Mid-range noise was reduced
The overloaded 55–70% region was redistributed:
- Some games upgraded (true edges)
- Some downgraded (false edges)
This is why Medium and Low tiers are now well calibrated.
Weak edges were exposed
Games near coin-flip didn’t disappear.
They became clearly identifiable:
- Remaining in the <55% range
- And consistently underperforming
This is where the model still struggles — but now it’s visible.
What This Means for the Model
Platt scaling didn’t just “fix calibration.”
It changed how the model expresses confidence — and made its structure easier to interpret.
What improved
- Strong predictions are now clearly separated from marginal ones
- Mid-tier probabilities are now statistically reliable
- High-confidence tier contains cleaner, higher-quality signals
- Probability outputs are more actionable for decision-making
What remains
- Very Low tier shows systematic overconfidence (~+8pp gap)
- High tier is still slightly conservative relative to outcomes
- Global scaling introduces trade-offs at distribution extremes
Why This Matters More Than Earlier Model Adjustments
Earlier in the season, we adjusted model inputs (like home-court advantage).
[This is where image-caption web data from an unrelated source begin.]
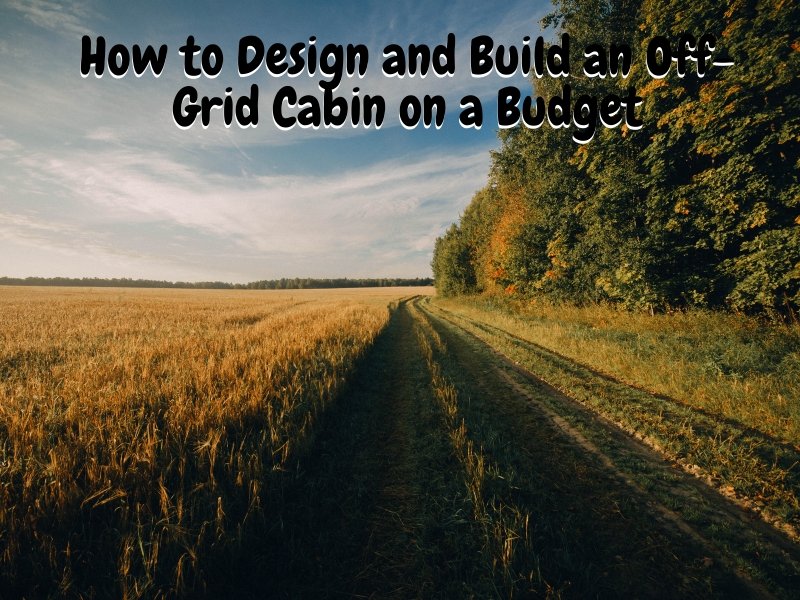 How to Design and Build an Off-Grid Cabin on a Budget
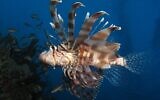 Un Pterois observé dans un corail de Shaab Angosh en Mer Rouge. (Alexander Vasenin / Wikipedia / CC BY-SA 3.0)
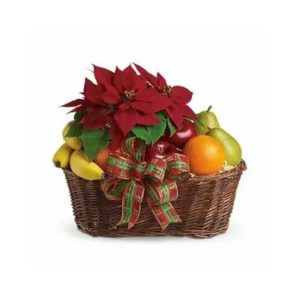 Harvest Joy Fruit Basket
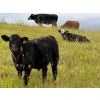 Image 5 : Running M Farms - 540# October Delivery Steer Calves - 41 Head (Airdrie, AB)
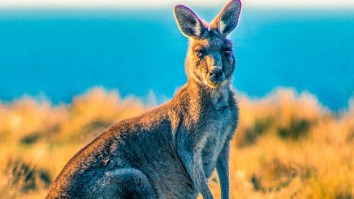 Interview With Man Filmed Fighting A Kangaroo That Attacked His Dogs Is Peak Australia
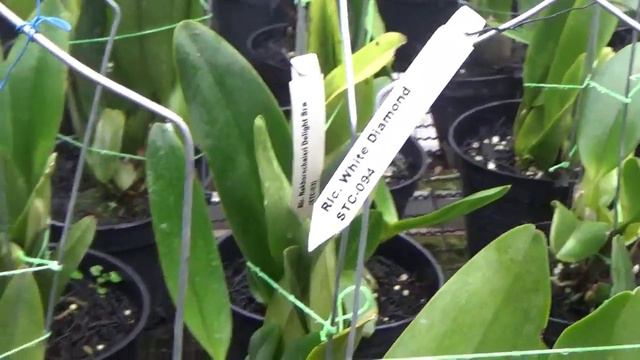 Anggrek Cattleya Rhyncholaeliocattleya White Diamond смотреть онлайн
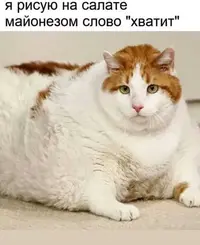 kfdfkg7j_lg.webp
That improved prediction quality.
Platt scaling operates on a different level:
- Model adjustments → improve what the model learns
- Platt scaling → improves how confidence is expressed
But in practice, this change is just as important.
Because:
The Honest Summary at 3 Months
What's working
- Live accuracy exceeds backtest — 67.5% vs 67.25% is validation, not drift
- Calibration is now correct where it matters most — mid tiers are near-perfect
- High Certainty delivers elite results — 84.9% on 172 prediction
- Probabilities are now interpretable — not just directional
- Transparency improved — errors are visible, not hidden
What needs work
- Very Low tier overconfidence — +8pp gap is now the primary issue
- High tier underconfidence — model still slightly conservative at the top
What We're Doing About It
Platt scaling solved the broad calibration problem. Now we can focus on the specific remaining weakness.
Short-Term:
- Analyze composition of Very Low tier
- Identify structural drivers:
- Back-to-backs
- Travel fatigue
- Specific team profiles
- Evaluate whether these games should be filtered rather than fixed
Medium-Term:
- Test non-linear calibration methods (e.g. isotonic regression)
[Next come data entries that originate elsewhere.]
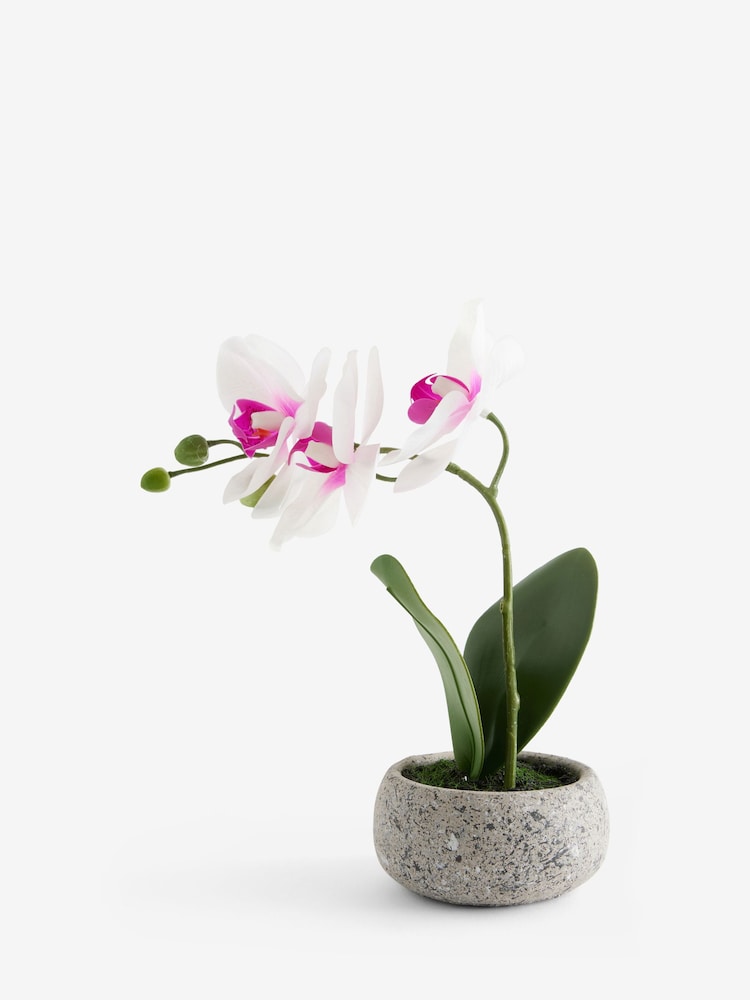 White/Pink Artificial Real Touch Mini Orchid In Stone Effect Pot - Image 3 of 3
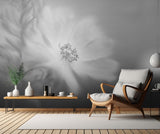 Wild rose in the wind Poster och Canvastavla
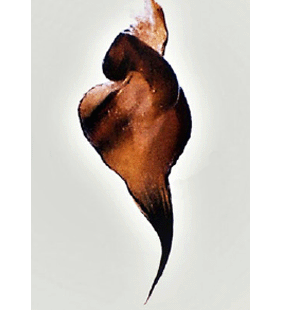 speciesimage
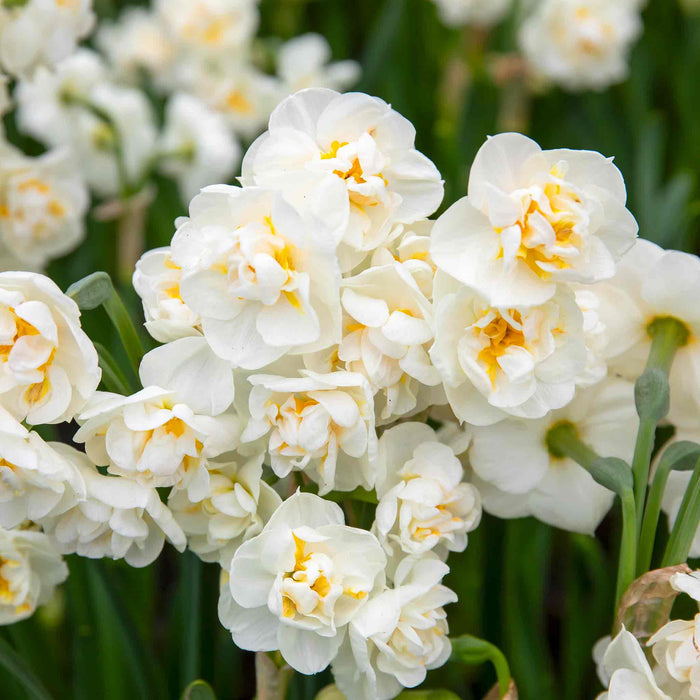 Daffodil 'Bridal Crown'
- Explore tier-specific calibration instead of global scaling
- Revisit whether sub-55% predictions should be surfaced at all
Long-Term:
- Achieve full reliability alignment across all probability bands
- Build calibration-aware decision frameworks (not just predictions)
- Extend calibrated modeling approach to other sports
Why This Approach Wins
The sports prediction industry is filled with snake oil. Unrealistic promises. Hidden track records. Inflated claims designed to sell subscriptions, not provide value.
After 3 months, the data validates a different path:
Radical Transparency:
Show everything, even when it's uncomfortable
Honest Expectations:
67.5% live is real. 80% is not.
Continuous Improvement:
695 predictions of live data are the foundation for real calibration work
User Education:
Teach you to evaluate predictions, not just consume them
Credibility compounds over time. It can't be bought — only earned through consistent, transparent reporting.
The Bottom Line
After 3 months and 695 live predictions:
- 67.5% live accuracy — Exceeds backtest, validated on 695 predictions
- Full calibration breakdown — Four tiers, all tracked, all public on Calibration Dashboard
- High Certainty tier delivers — 84.9% on 172 predictions
- Honest about weaknesses — VLC gap documented and being investigated
- No false promises — We still won't claim 80% to sell subscriptions
If you want inflated accuracy claims and black-box predictions, there are plenty of alternatives.
If you want honest performance, transparent methodology, and genuine continuous improvement built on real data — you're in the right place.
This is why we show every prediction.